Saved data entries
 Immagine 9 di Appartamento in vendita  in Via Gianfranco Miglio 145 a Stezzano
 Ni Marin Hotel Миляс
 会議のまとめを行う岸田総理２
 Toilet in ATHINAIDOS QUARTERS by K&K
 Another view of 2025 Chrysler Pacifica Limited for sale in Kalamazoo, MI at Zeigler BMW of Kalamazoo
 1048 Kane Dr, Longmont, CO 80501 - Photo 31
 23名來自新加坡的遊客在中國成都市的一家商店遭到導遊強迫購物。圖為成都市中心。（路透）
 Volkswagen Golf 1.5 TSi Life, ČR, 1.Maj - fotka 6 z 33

Exercise:
Word for word, return each of the entries.

Answer:
 Immagine 9 di Appartamento in vendita  in Via Gianfranco Miglio 145 a Stezzano
 Ni Marin Hotel Миляс
 会議のまとめを行う岸田総理２
 Toilet in ATHINAIDOS QUARTERS by K&K
 Another view of 2025 Chrysler Pacifica Limited for sale in Kalamazoo, MI at Zeigler BMW of Kalamazoo
 1048 Kane Dr, Longmont, CO 80501 - Photo 31
 23名來自新加坡的遊客在中國成都市的一家商店遭到導遊強迫購物。圖為成都市中心。（路透）
 Volkswagen Golf 1.5 TSi Life, ČR, 1.Maj - fotka 6 z 33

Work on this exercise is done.